= WHAT IS NEEDED =
Write out exactly, with both ends included, the lines that run from the line containing "헛개나무씨앗 500g, 상세 설명 참조" to the end of the entries. Pictures are not part of the answer.

= Image-text web data =
• • • • •

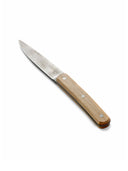 Surface Paring Knife - Set of 4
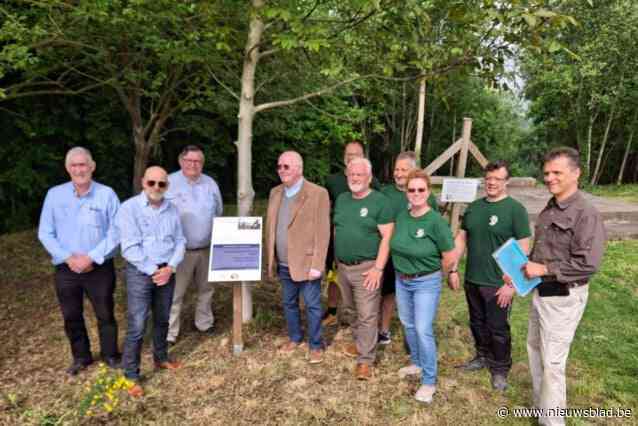 Praalgraf van Staf De Clercq op Kesterheide kreeg duidend infobord: “Dit graf is een getuigenis van een stuk bewogen geschiedenis in de regio”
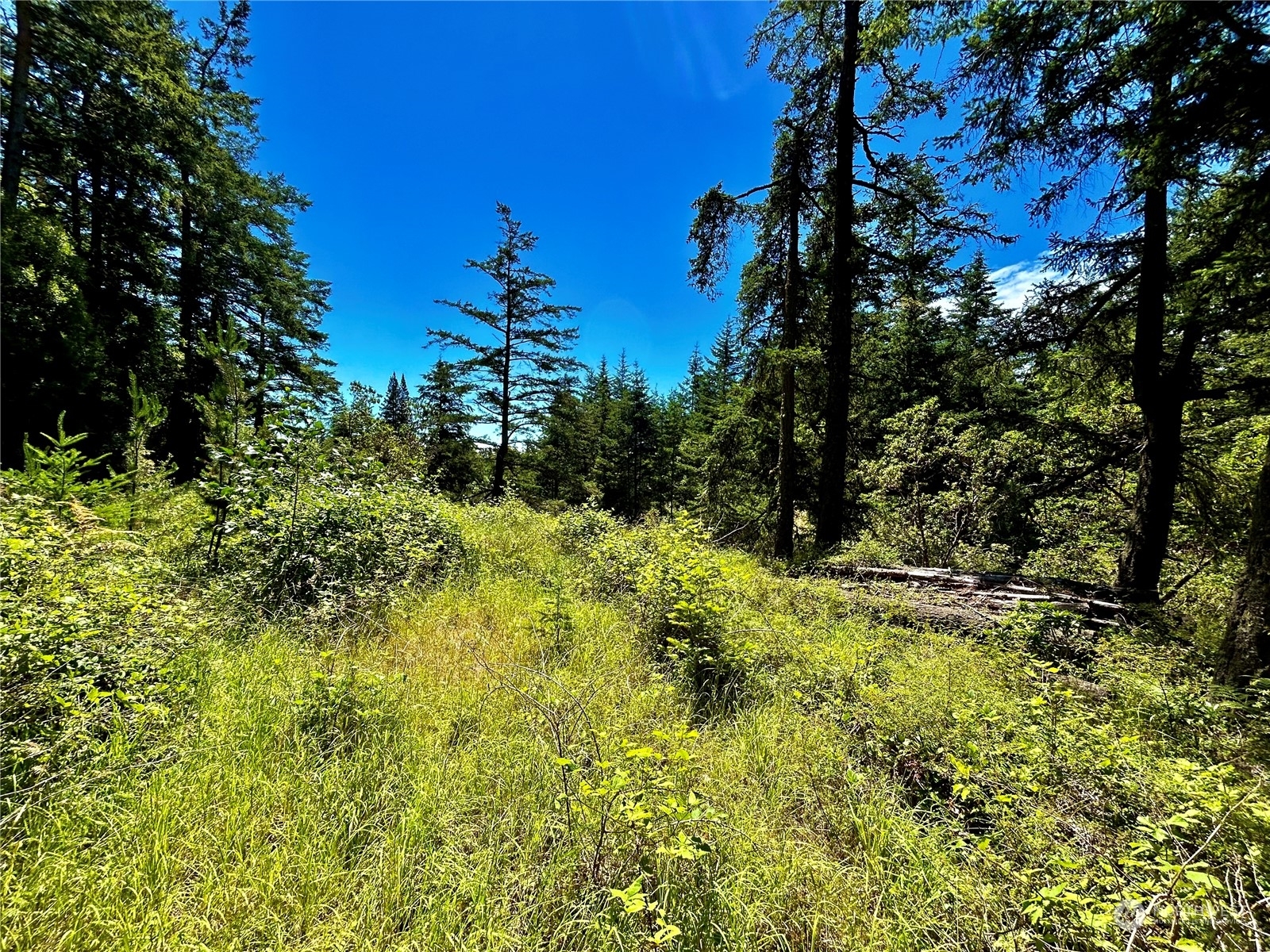 Property Photo:  0 Salmonberry Lane  WA 98250 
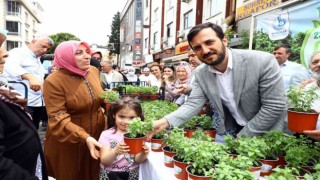 Bağcıları fesleğen kokusu sardı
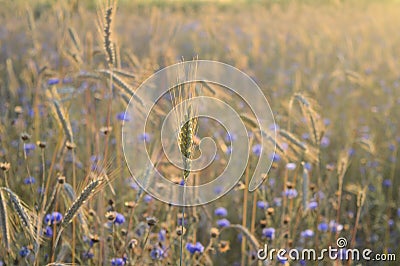 Grain field focused on one grain in sunlight Stock Photo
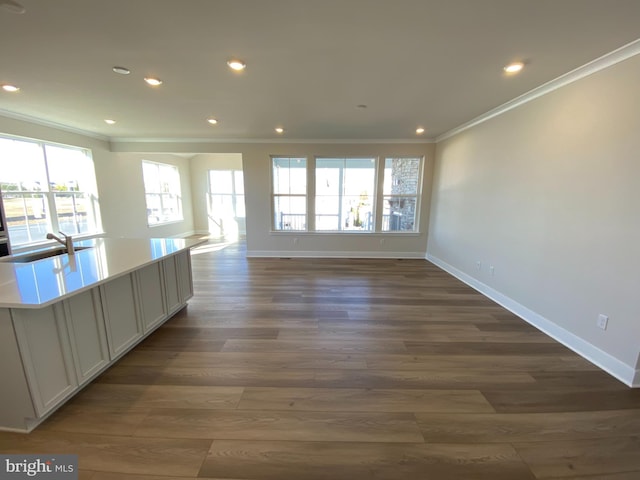 interior space featuring dark hardwood / wood-style flooring, crown molding, plenty of natural light, and sink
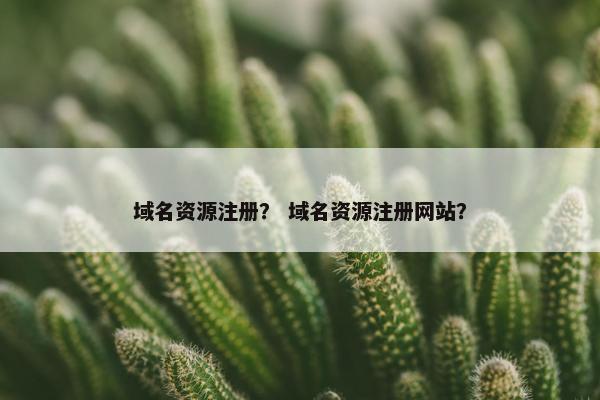 域名资源注册？ 域名资源注册网站？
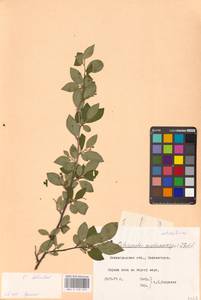 Cotoneaster acutifolius Turcz., Eastern Europe, North-Western region (E2) (Russia)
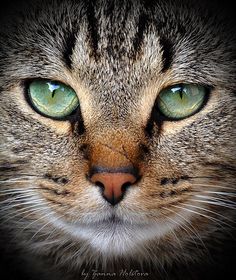 a cat's face with green eyes and brown fur on the front, black background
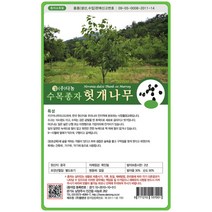 헛개나무씨앗 500g, 상세 설명 참조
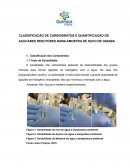 A CLASSIFICAÇÃO DE CARBOIDRATOS E QUANTIFICAÇÃO DE AÇUCARES REDUTORES NUMA AMOSTRA DE SUCO DE GOIABA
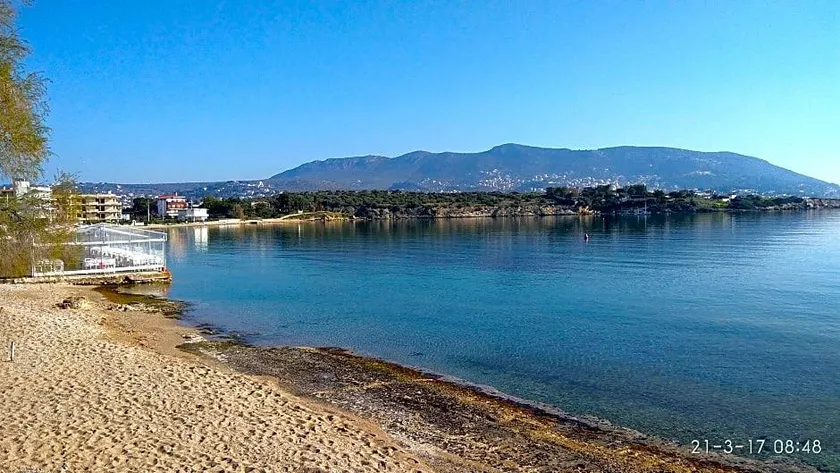 George Apartments by the Sea and Airport - Image 1
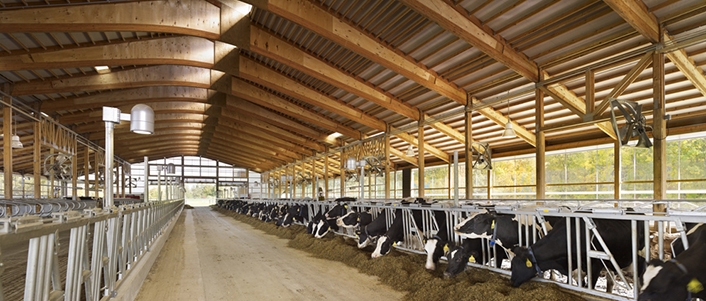 Dairy cows feeding in a modern barn on an Ontario farm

• • • • •

= OUTPUT BELOW =
 헛개나무씨앗 500g, 상세 설명 참조
 A CLASSIFICAÇÃO DE CARBOIDRATOS E QUANTIFICAÇÃO DE AÇUCARES REDUTORES NUMA AMOSTRA DE SUCO DE GOIABA
 George Apartments by the Sea and Airport - Image 1
 Dairy cows feeding in a modern barn on an Ontario farm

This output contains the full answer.